It seems to be that in the world of Forex trading there are some weeks where we seem to get more volatility around economic news than other times. I have never done any analysis into this as it does not really matter when you trade price charts alone as your primary decision making tool. However, as we know, there are many hundreds of currency traders out there who are eager to try and make the most of these news-based moves, whether it is safe to do so or not. Sure it can be very tempting to try and jump on board a major move in the markets when a news item is released, but more often than not the result is not the best as we watch ourselves get faked out in a false move or, worse still, chopped around with too many entries resulting in a high number of unpleasant losses.
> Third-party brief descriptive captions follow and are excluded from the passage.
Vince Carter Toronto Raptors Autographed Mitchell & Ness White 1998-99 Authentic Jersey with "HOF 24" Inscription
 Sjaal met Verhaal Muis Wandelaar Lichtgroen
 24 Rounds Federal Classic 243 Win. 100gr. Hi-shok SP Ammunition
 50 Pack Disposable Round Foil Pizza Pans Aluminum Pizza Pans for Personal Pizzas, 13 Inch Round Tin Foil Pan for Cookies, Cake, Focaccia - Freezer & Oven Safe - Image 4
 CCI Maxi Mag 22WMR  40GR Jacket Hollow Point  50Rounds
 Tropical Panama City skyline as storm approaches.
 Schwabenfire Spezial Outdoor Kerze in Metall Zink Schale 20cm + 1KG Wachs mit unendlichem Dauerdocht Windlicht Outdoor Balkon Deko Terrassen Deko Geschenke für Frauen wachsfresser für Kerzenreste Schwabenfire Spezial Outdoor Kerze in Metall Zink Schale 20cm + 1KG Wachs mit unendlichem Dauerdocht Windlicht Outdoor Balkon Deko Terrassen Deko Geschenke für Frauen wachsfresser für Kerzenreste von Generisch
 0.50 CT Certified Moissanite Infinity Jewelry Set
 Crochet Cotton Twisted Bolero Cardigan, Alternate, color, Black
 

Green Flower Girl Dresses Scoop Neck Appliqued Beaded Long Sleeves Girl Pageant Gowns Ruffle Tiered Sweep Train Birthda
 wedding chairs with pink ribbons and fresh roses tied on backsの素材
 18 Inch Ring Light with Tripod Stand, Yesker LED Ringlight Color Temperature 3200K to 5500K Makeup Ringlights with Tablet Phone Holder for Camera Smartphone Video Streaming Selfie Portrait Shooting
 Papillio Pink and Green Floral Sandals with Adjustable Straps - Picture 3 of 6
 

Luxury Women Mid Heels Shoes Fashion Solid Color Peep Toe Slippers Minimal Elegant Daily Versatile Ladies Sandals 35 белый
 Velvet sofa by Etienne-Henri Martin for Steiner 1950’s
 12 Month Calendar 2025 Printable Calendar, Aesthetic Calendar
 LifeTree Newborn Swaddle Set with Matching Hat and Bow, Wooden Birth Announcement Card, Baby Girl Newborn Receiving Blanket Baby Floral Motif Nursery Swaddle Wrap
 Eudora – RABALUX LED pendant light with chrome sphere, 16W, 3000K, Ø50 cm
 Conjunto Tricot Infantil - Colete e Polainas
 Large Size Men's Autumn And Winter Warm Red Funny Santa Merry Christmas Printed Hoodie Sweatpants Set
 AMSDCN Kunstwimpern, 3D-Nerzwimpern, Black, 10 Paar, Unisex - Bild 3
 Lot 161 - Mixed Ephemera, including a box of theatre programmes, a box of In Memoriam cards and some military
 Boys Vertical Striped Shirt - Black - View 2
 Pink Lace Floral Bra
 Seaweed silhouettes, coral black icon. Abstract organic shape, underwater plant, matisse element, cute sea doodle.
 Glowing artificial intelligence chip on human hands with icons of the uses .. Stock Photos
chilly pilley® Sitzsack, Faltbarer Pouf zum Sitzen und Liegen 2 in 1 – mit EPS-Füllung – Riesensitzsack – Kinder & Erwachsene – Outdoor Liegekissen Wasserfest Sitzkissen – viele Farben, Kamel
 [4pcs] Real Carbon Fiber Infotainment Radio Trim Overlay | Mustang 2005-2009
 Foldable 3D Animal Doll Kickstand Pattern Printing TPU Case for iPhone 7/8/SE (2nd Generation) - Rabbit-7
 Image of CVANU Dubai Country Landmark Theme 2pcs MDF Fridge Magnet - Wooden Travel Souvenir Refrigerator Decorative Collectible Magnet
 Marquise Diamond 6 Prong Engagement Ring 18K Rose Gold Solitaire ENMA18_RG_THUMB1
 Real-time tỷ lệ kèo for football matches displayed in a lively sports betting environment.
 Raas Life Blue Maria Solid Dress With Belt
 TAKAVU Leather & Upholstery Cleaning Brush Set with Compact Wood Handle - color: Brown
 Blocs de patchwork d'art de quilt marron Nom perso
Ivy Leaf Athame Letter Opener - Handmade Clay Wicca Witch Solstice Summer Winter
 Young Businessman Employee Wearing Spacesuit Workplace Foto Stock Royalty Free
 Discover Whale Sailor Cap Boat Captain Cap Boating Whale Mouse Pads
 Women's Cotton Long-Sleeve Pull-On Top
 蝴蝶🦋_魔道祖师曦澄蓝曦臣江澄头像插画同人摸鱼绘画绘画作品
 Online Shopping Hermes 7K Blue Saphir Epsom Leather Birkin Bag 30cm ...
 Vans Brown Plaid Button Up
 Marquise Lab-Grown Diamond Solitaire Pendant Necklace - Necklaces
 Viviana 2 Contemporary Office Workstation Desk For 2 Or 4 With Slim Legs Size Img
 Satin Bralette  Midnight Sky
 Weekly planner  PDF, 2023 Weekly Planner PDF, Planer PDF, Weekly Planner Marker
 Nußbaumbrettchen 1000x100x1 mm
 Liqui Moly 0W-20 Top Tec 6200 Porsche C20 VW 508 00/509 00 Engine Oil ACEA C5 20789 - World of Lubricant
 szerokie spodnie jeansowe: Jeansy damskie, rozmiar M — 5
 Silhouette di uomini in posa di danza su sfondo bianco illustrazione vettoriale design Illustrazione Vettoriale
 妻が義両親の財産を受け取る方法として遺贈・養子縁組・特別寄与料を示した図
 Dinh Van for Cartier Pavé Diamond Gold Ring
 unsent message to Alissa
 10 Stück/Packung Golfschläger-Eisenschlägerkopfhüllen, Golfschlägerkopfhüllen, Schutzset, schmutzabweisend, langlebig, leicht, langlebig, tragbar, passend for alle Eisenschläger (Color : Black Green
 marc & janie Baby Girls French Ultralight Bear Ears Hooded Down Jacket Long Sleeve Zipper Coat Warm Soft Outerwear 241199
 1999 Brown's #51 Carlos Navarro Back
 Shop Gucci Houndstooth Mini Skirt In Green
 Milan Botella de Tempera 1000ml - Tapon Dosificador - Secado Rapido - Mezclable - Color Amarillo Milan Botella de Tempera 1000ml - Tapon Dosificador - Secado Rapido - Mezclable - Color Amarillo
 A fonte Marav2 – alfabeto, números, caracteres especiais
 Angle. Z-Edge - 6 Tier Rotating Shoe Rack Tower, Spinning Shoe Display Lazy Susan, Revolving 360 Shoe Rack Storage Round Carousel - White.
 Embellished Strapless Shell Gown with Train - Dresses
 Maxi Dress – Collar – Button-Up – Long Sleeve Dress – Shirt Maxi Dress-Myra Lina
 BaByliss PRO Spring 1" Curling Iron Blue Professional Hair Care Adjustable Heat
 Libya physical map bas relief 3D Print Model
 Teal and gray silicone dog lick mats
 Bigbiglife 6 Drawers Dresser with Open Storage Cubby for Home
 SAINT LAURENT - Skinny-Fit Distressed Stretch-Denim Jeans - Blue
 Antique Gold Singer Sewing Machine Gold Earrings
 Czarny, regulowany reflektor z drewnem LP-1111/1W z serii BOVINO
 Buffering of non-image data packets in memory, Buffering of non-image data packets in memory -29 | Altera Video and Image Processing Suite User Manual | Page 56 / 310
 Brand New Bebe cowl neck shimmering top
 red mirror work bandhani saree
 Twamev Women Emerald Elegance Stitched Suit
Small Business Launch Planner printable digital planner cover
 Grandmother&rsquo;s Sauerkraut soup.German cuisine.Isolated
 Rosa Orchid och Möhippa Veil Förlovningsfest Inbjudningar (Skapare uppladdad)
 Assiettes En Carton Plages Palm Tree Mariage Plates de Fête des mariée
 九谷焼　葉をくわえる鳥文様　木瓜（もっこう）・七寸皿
So what is the fix with all this news coming out on a daily basis? Well, let’s take a deeper look into it.
If you want to trade around major news releases do yourself a favor, take these simple pieces of advice I can share with you. Firstly, don’t worry about the actual numbers as they will not tell you what direction the market is likely to go (how many times have you seen good news create drops in price and vice-versa?). Secondly, know the trades you are willing to take before the actual news report is released. That’s right, I am saying that you should have already mapped out where you want to enter and exit your trades before the news comes out. Then again, this is something you should do before any trade but it is surprising just how many traders seem to overlook this level of planning.
Let’s take a look at some recent examples of news and the price action which followed on the GBPUSD. Take the chart example below which shows the prices as they were leading up to the release of the Consumer Price Index or Inflation figures:
As we can see, the prices had already been rallying and were stalling in a quality supply zone to the left which had created a major imbalance in price a few weeks before. We know that all of the willing orders to sell were not filled by the buyers the last time prices were at that level, resulting in the strong drop away. Knowing this, we can objectively assume that using a tight stop, prices may fall from the current level again. When the news did come out, inflation was reported to have dropped in the UK, fundamentally weakening the GBP and resulting in a selloff to our pre-determined level of demand below:
The interesting thing here though, is that price had already begun to respect the supply zone before the actual news came out. Once the release came out, it then continued to drop to the opposing level of demand right in time for the next piece of news which was average earnings, claimant counts and unemployment rates the very next day. The figures themselves told a mixed story, with earnings dropping a little along with the unemployment rates but the number of claimants increased. No wonder people get confused with such a mixed set of results. The question the news-based trader now asks is what direction to play the market? On the other hand, a student of Online Trading Academy would instead notice the imbalance caused by the demand level from the unfilled buy orders and be happy to be a buyer of the GBPUSD, simply because that is the objective trading signal based on the price alone. This is how things worked out:
Now, based on the chart itself it is not really too surprising to witness this rally following the news. If, however, you were completely unaware of the impact of levels of institutional supply and demand upon market prices you may have been left scratching your head for answers and turning back to the news sites for an explanation of why the actual move happened. Those news sites are always happy to give out the answers but only after the prices have actually moved, thus giving no real edge in the markets if we try to use their lagging information. Now of course, a supply or demand zone is not guaranteed to work every time either but it does show us exactly where we should be buying based on the most important aspects of trading, price. Using a zone will always give us an edge to buy low and sell high with the lowest risk and the largest potential profit as well. This is fundamental to profitable trading in the long term along with a detailed trade plan and strict rules for money management and risk control. As my mentor once said to me in the early days of my education, “Remember that economic news just speeds up the process of the market doing what it was going to do all along.” Wise words of advice indeed.